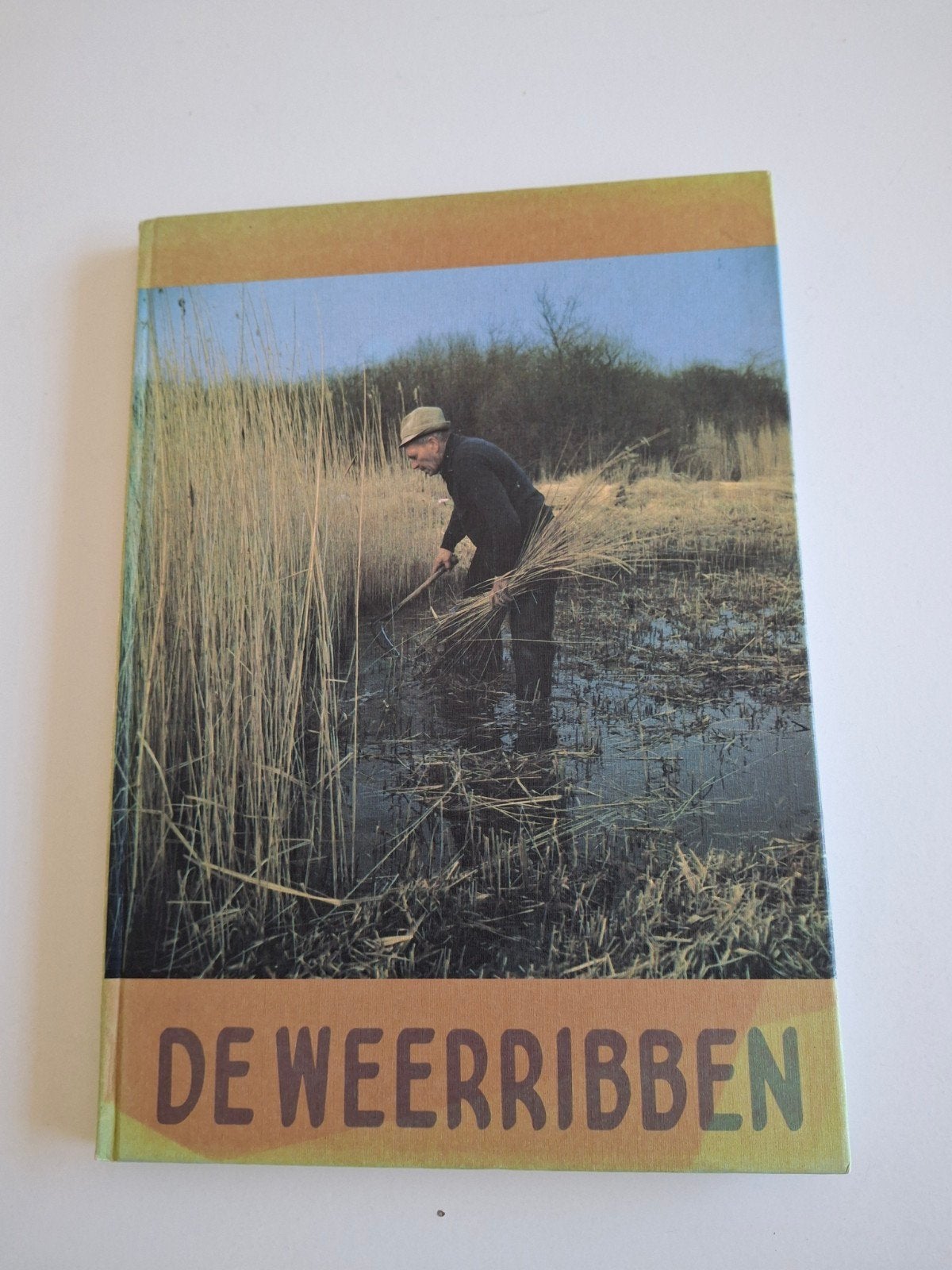 De weerribben., Boeken, Ophalen of Verzenden, Gelezen
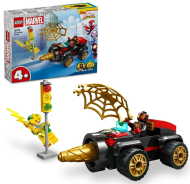 Lego Marvel 10792 Vozidlo s vrtákom - cena, srovnání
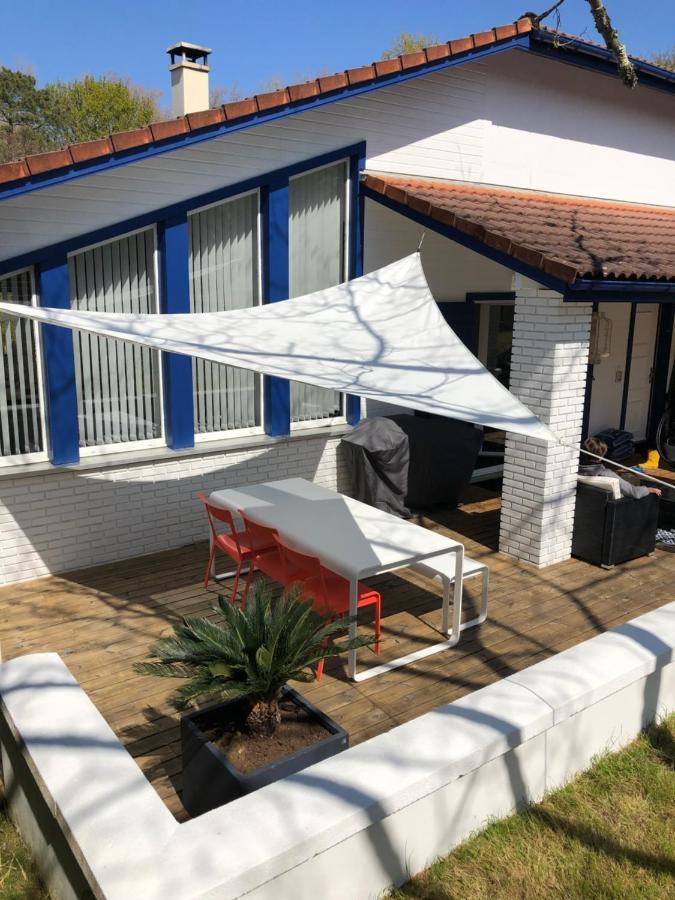 Villa Uhaina Biarritz Luaran gambar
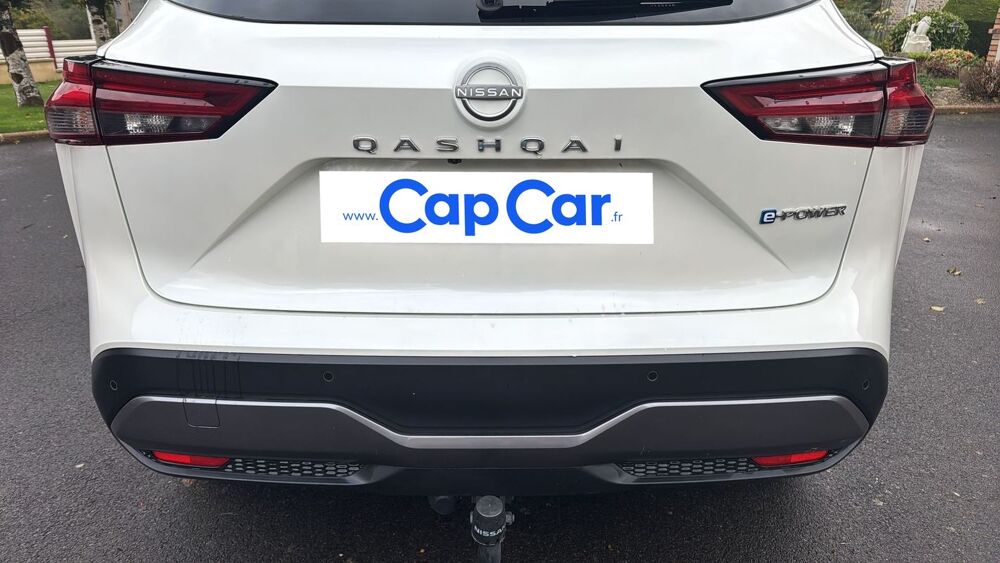 Qashqai 1.5 DIG -T ePower 190 Hybrid 2WD XTronic N-Connecta 2024 occasion 22330 Le Mene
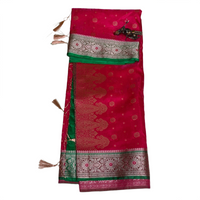 Classic Brocade Traditional Saree.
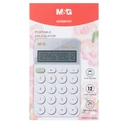 M&G 12 Digit Desk Calculator image 6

_____

• Exercise brief: Your answer must be the records exactly as they stand, with no pictures in it.

• Written reply:
 De weerribben., Boeken, Ophalen of Verzenden, Gelezen
 Lego Marvel 10792 Vozidlo s vrtákom - cena, srovnání
 Villa Uhaina Biarritz Luaran gambar
 Qashqai 1.5 DIG -T ePower 190 Hybrid 2WD XTronic N-Connecta 2024 occasion 22330 Le Mene
 Classic Brocade Traditional Saree.
 M&G 12 Digit Desk Calculator image 6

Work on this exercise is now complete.